Nicole Sindzingre, qui cite une communication au colloque d'Abidjan (juillet 1972) de B. Zadi Zaourou et S. Ebouman, ajoute : « Il est en outre à peine besoin de souligner que les enjeux sont socialement inégaux. »

L'auteur observe que la douleur joue un rôle dans la perpétuation de la coutume – et cette observation pourrait être prolongée au sujet de nombreux domaines, dans l'éducation par exemple.

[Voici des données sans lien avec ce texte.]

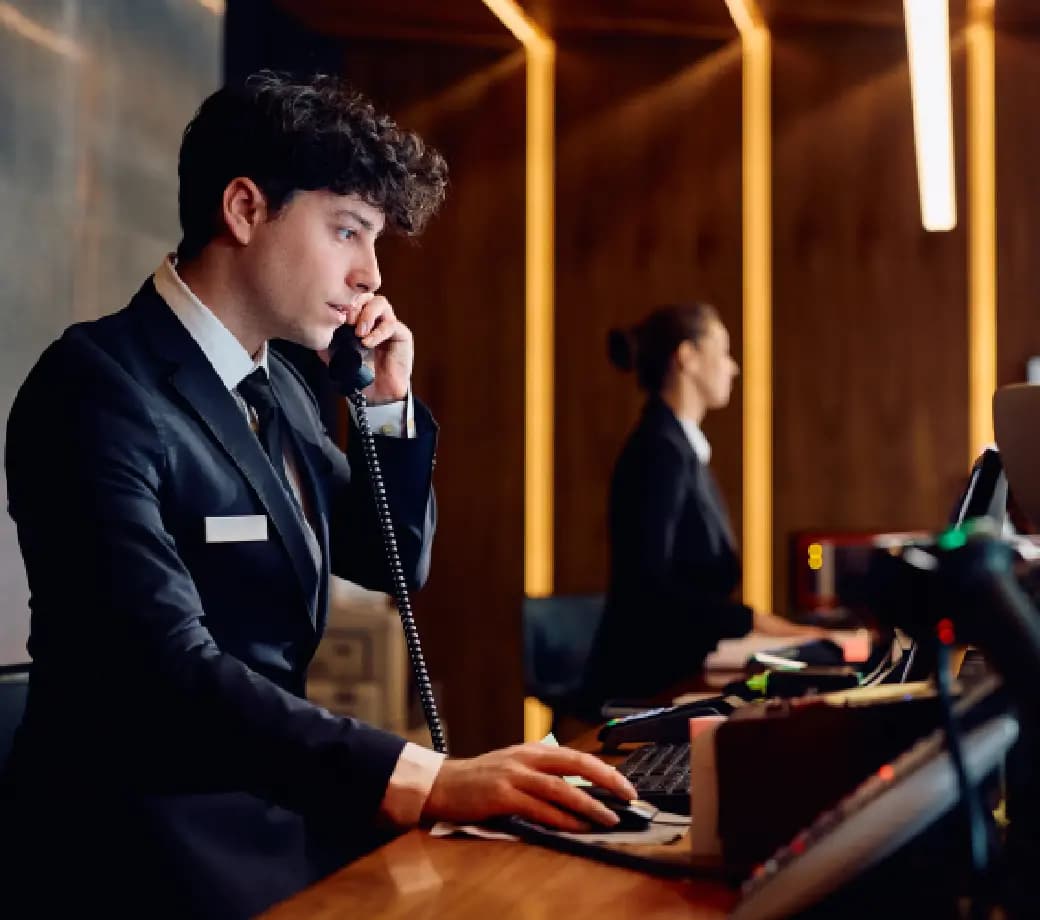 A man in a suit is speaking on the phone while working on a computer at a reception desk. A woman is visible in the background, also working. The room has warm lighting, creating a professional atmosphere.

« Il arrive que la douleur, lorsqu'elle n'est pas considérée comme inévitable, soit recherchée sciemment comme dressage de la bonne mémoire : « C'était terrible, je m'en souviendrai toute ma vie », revient régulièrement dans les témoignages. Mais si les femmes se souviennent, c'est aussi pour guetter et réprimer toute manifestation de couardise : « Ce qui fut bon pour moi doit l'être assez pour toi ». (S.-P. Barber). » [PAGE 190]

L'esprit européen, qui tire de la description de ces rites des « preuves de sauvagerie » oublie qu'on pourrait relever en Europe des pratiques analogues, sinon identiques. Le résultat est que, voulant extirper le mal chez les autres, ils aboutissent à des fins contraires à celles qu'ils prétendent chercher.